First Order Predicate Logic Theorem Prover

Description

The main aim of this project is to implement autonomous theorem prover for First Order Predicate Logic where proof method is Proof by Refutation with Breadth First Search strategy.

For first order predicate logic entities, Variable, Constant, Function and Predicate are used where there are several semantics and rules on each entity.
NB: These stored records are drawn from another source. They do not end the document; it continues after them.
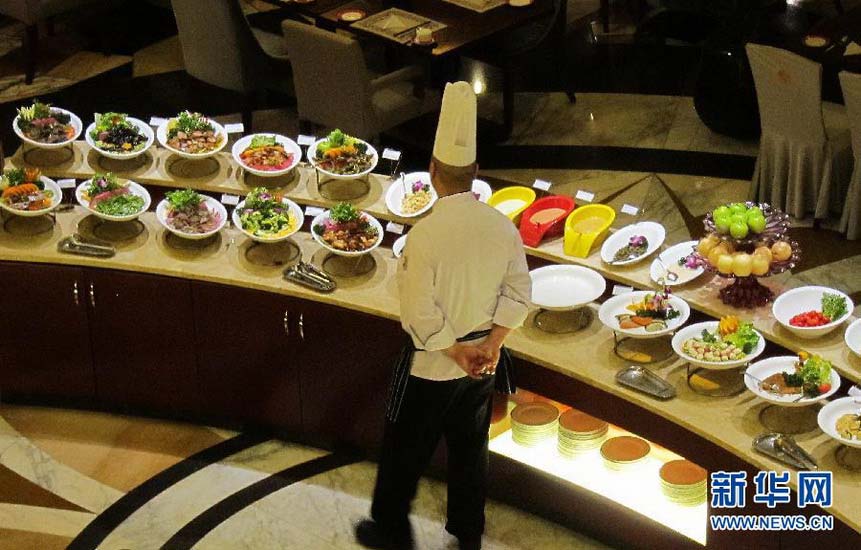 A chef looks at the dishes to buffet restaurant before closing, in a five-star hotel in Chongqing on Jan 19, 2013. (Photo/Xinhua)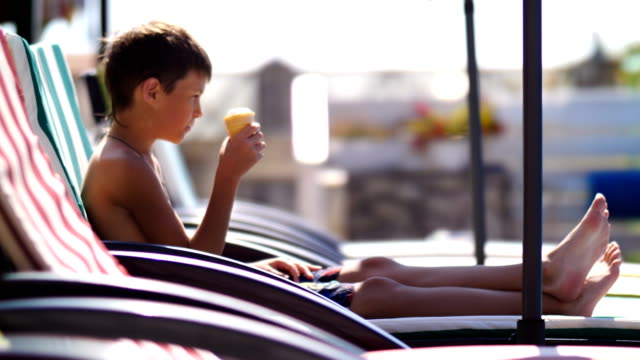 niño-comiendo-un-helado-en-una-tumbona-junto-a-la-piscina-en-el-hotel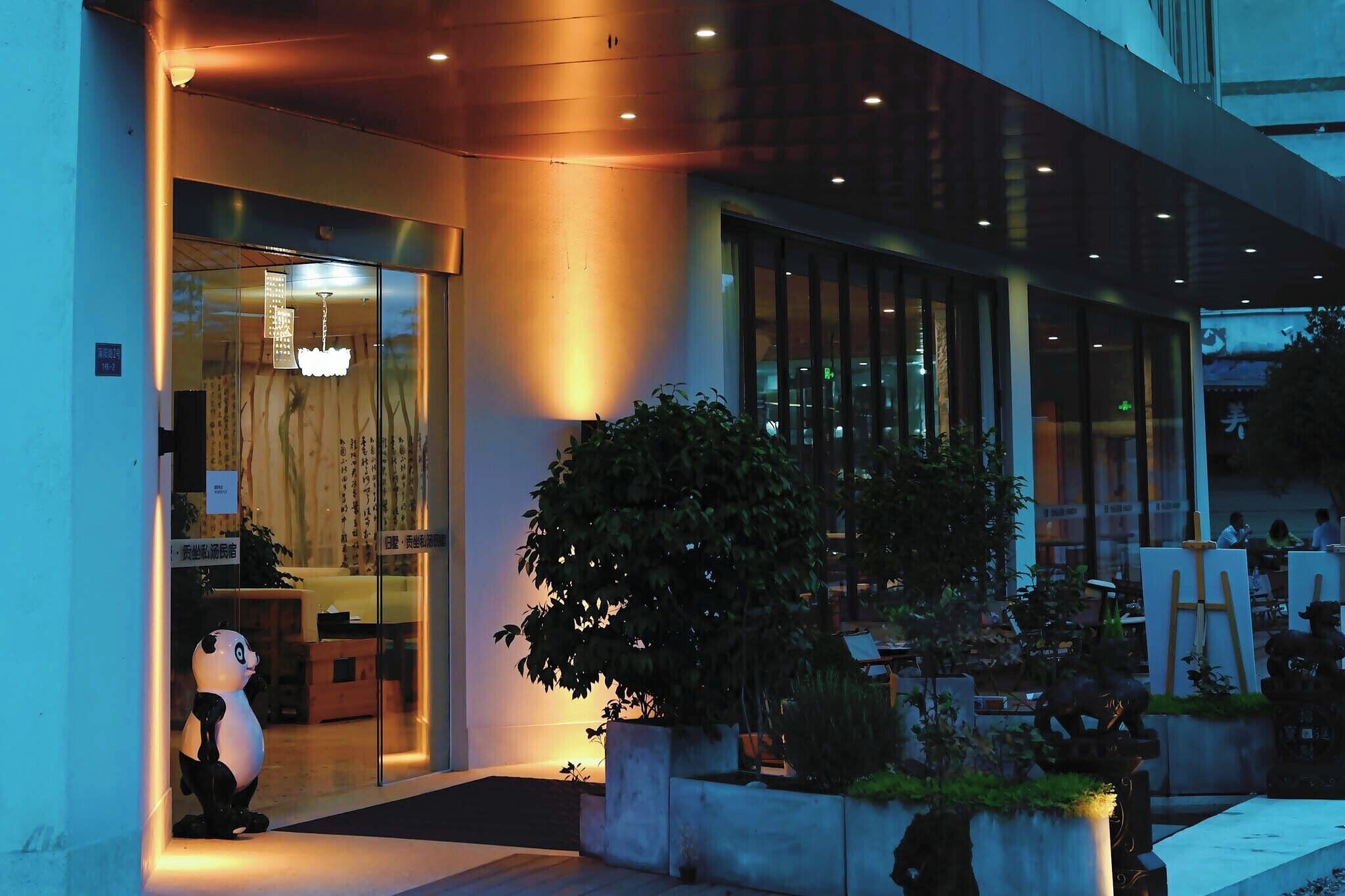 A modern building entrance with glass doors, a large indoor plant, and a panda statue.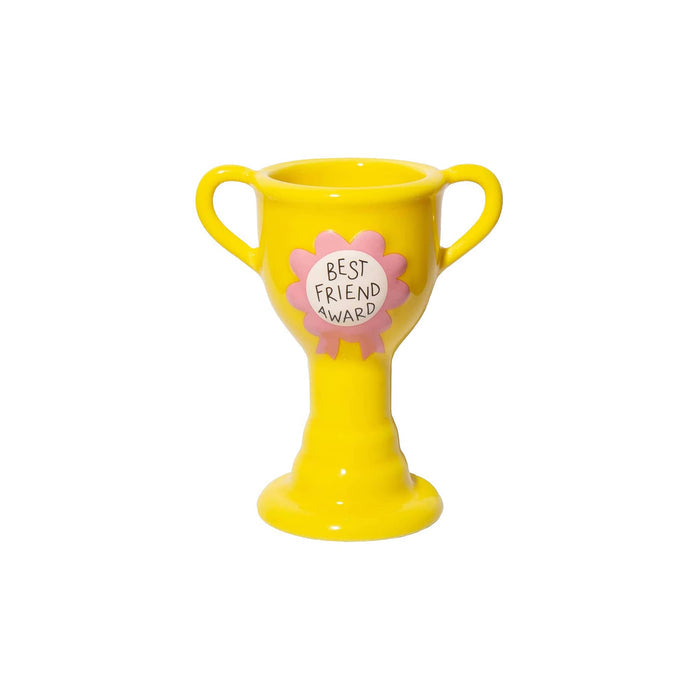 A bright yellow ceramic trophy-shaped vase with two handles and a pink ribbon rosette on the front that reads 'BEST FRIEND AWARD' on a white background.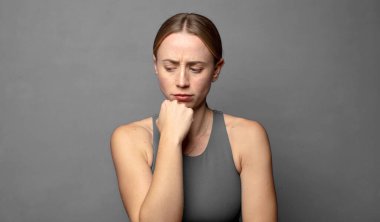 Ciddi, düşünceli ve endişeli hissediyorum. Elleri çenesine bastırılmış bir şekilde yan yan bakıyor. fitness konsepti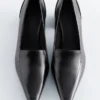 Mocassini con tacco in pelle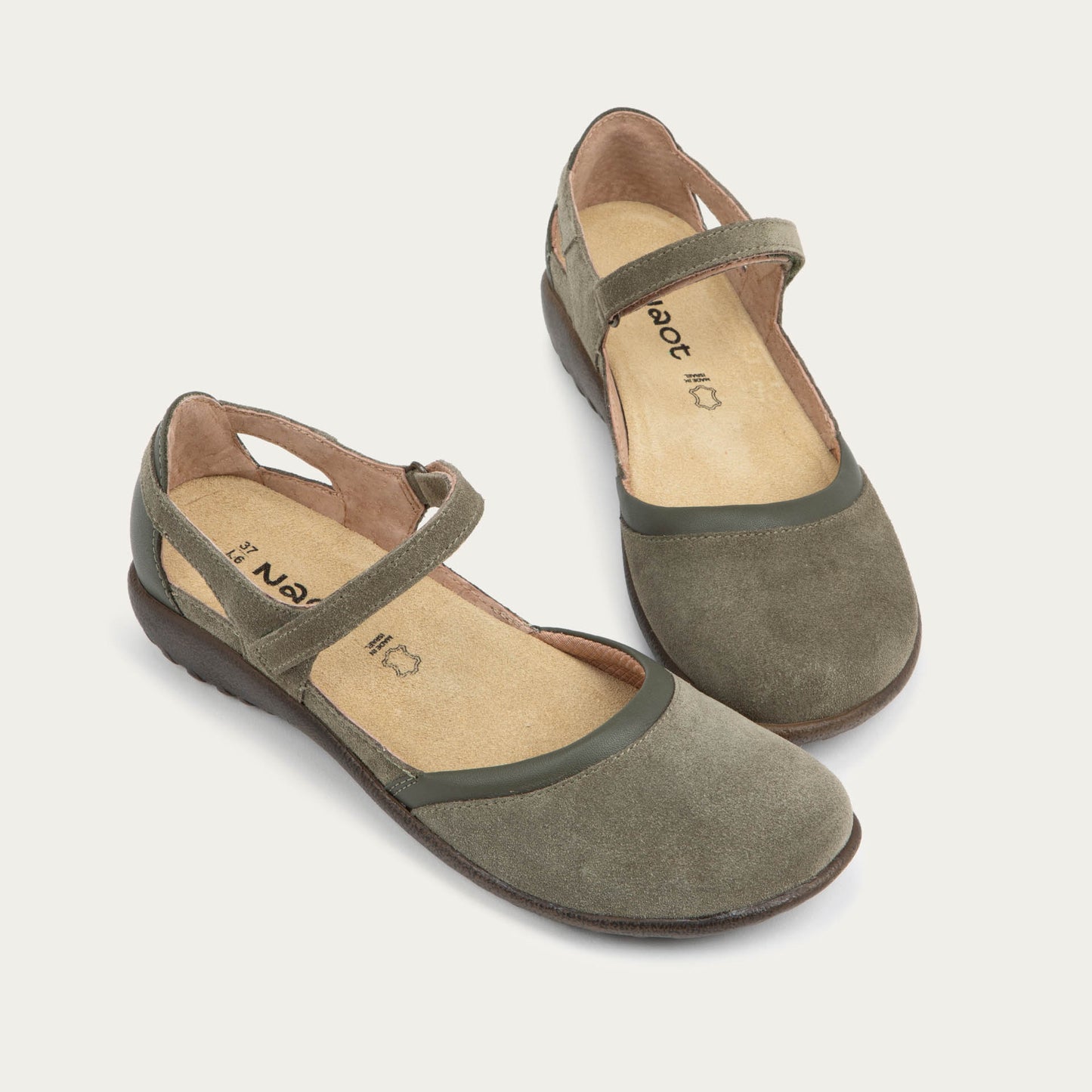 Pair of  green Mary Janes featuring contrasting materials and cutouts by the heel on a dark sole.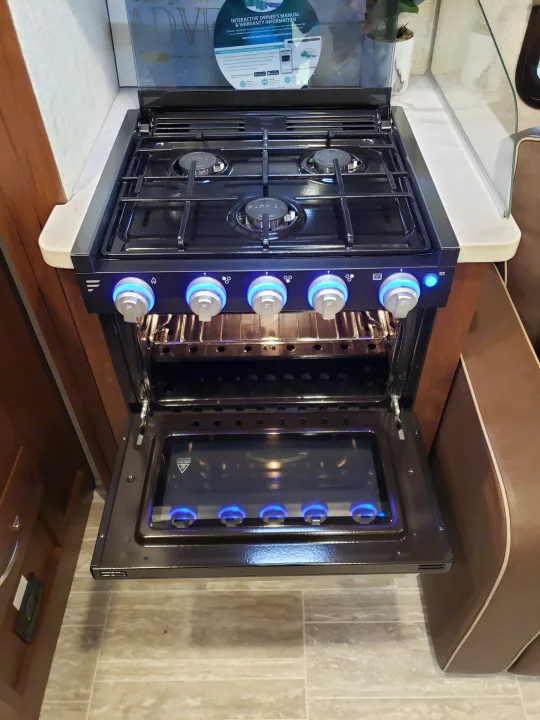 Modern black gas stove and oven in an RV rental kitchen. The control knobs glow blue, and the oven door is open.. Other Other 2019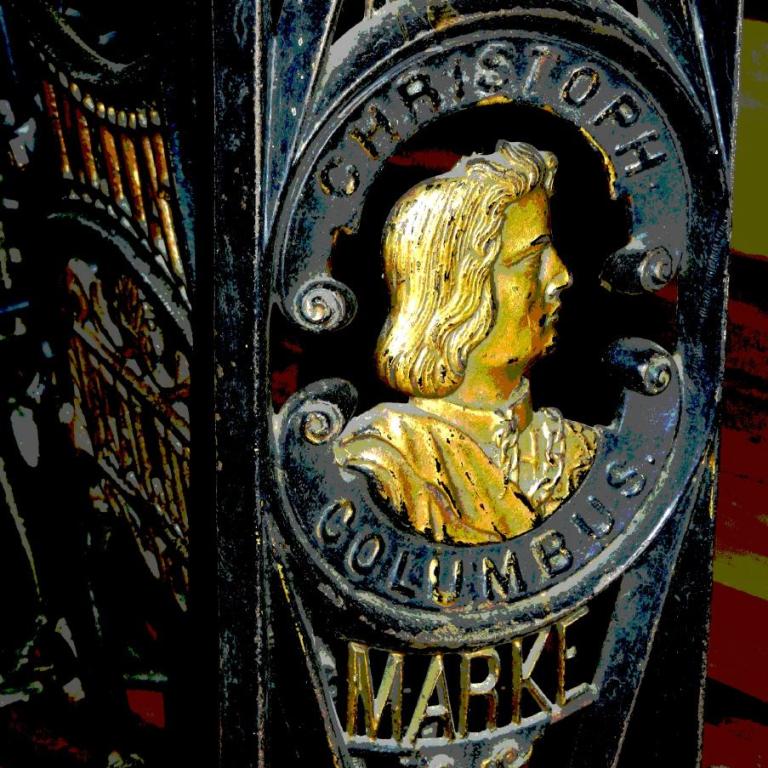 Bronzene Plakette mit dem Porträt von Christoph Kolumbus und den Namen A. Schutz und Kolumbus
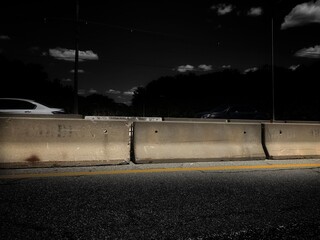 Simple Cement Concrete Barrier Structure protecting 2 way traffic blocking road at construction site with rock texture on blackened background Roadblock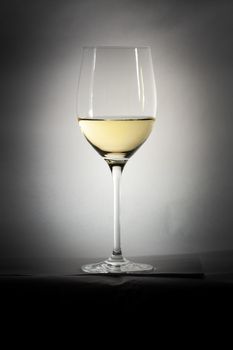 A vintage white wine glass details with text space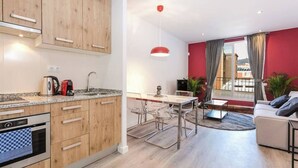 Een moderne keuken met houten kastjes en een inbouwoven, een eethoek met een tafel en stoelen, en een woonkamer met een bank en uitzicht op de stad door grote ramen.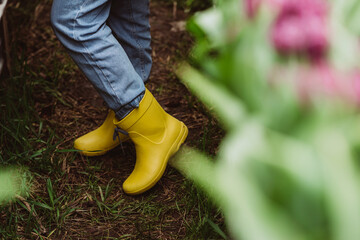 Unrecognizable woman gardener in yellow rubber boots. Soft selective focus.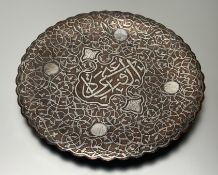 An early 20thc Middle Eastern copper white metal overlayed dish resting on three bun feet: h. x 05cm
The mentioned semantics and rules are listed below:

Domain Information:

Most General Unifier - Meaning Formation:

Meaning fusion is achieved via Most General Unifier method since resolution of predicates will need some base of meaning where resolver predicates can form common meaning and generate new resolvent from the commonly used terms.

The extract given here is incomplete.